Historians such as Marcelino Foronda or Norman Owen have documented the autonomy of local affairs in the Philippines more carefully than most other social scientists have done, although some political scientists and activists such as Resil Mojares and Joel Rocamora have also stressed the importance of place in Philippine affairs. They have tried to tell the stories of actors whose “stage was municipal or provincial, far from the national spotlight that focused on Rizal and Quezon.”7 Not just in a country of islands, local stories may be the main ones.
Lessons for democracies
The Philippines is procedurally democratic. Freedom of expression and other liberal norms are constitutionally enshrined, and they are often exercised. As in other democracies, the norm of liberty in stable eras tends to favor people who have wealth. For example, some journalists have asked, “Is the Philippine press free?” The standard joking answer is, “Yes, but it is not cheap.”8 Politicians there sometimes pay high prices for positive news coverage.
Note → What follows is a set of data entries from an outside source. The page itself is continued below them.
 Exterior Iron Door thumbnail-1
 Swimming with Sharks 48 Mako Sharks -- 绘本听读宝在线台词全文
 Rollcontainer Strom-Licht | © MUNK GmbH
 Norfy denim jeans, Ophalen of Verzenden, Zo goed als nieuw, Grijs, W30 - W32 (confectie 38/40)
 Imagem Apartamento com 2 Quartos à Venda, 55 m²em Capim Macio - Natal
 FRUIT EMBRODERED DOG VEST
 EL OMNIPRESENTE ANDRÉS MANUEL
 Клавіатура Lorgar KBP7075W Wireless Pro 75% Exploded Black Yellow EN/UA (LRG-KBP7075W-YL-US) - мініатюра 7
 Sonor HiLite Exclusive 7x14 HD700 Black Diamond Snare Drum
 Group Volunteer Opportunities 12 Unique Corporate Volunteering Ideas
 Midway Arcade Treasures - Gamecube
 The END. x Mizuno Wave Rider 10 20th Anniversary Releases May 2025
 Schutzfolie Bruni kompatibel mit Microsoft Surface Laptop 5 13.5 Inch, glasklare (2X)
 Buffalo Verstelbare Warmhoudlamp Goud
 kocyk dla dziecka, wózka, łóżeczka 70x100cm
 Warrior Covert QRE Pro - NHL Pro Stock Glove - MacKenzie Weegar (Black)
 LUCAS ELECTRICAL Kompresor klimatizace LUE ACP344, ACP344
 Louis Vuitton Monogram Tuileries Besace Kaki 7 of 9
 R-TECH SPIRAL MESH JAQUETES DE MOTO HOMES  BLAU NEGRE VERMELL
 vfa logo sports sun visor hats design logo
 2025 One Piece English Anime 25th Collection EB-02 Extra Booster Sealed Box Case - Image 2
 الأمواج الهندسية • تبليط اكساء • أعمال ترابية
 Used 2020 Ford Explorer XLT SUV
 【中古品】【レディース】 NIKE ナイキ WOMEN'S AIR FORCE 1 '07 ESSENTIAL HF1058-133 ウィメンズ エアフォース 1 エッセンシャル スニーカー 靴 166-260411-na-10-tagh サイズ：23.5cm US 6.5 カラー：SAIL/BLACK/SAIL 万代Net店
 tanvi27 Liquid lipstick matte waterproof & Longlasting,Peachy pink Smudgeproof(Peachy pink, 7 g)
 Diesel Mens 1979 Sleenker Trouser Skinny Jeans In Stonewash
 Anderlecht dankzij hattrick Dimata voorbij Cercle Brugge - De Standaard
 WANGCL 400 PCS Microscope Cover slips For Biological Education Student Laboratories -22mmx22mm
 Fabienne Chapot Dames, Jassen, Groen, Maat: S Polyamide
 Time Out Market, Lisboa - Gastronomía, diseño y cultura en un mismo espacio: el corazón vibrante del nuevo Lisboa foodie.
Political and social NGOs flourish, as do chambers of commerce, and other “civil societies.” Such organizations are important for governance anywhere, but their modal traits affect its democratic quality.9 As Hutchcroft and Rocamora write, “No country in Asia has more experience with democratic institutions than the Philippines.”10 Yet the combination of voting and freedom for many decades did not generally serve the islands’ people as much as they (and foreigners) expected.
Elections in the archipelago are occasions for fiestas, like those on village saints’ days. Voter turnouts are much higher in the Philippines than in most democracies. Local races are often closely fought. Professionals—news anchors, movie stars, boxers, basketball players—join Congress along with representatives of famous political families (who now mostly have professional vocations too, often in law). Diverse Philippine elites do not all agree with each other on policies, of course; but a degree of formal courtesy can be documented among families of leaders who in the past have literally murdered each other. By contrast, surveys show a relative lack of trust among low-income Filipinos, rural farmers, and those who have scant education.11
Especially in a few regions, such as Bulacan or Pampanga, there have also been decades-old nonstate traditions of civil society movements for fair voting, for social justice, and sometimes against patronism. These have produced slow results. It is possible to explore why patron–client relations often dominate Philippine politics—and why such networks are sometimes less salient. Ideals of “people power” have occasionally become important, even though most of the people, when surveyed, believe they lack much national power. Later chapters will explain factors that catalyze the choices of Philippine elites, local or central, to be reformist or traditional.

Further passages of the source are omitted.